• COLLECTED MATERIAL:
Segment Open
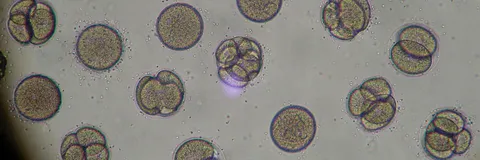 Wonder Findings of Number of Cells in a Body Including Sexual Cells, Remedy of Corona Virus, Increase of Memory, and other Cells by Couple System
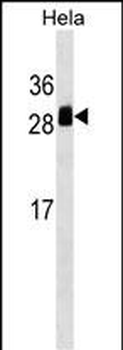 TMED1 Antibody (Center)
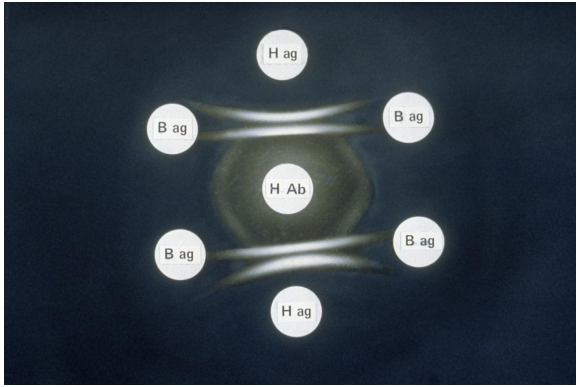 The image provided is an example of a/an _________________ test.   A)  agglutination B)  precipitation C)  complement fixation D)  immunoelectrophoresis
Segment Closed
• REQUIRED ACTION:
Make an exact copy of the data above, pictures excluded.

• EXERCISE OUTPUT:
 Wonder Findings of Number of Cells in a Body Including Sexual Cells, Remedy of Corona Virus, Increase of Memory, and other Cells by Couple System
 TMED1 Antibody (Center)
 The image provided is an example of a/an _________________ test.   A)  agglutination B)  precipitation C)  complement fixation D)  immunoelectrophoresis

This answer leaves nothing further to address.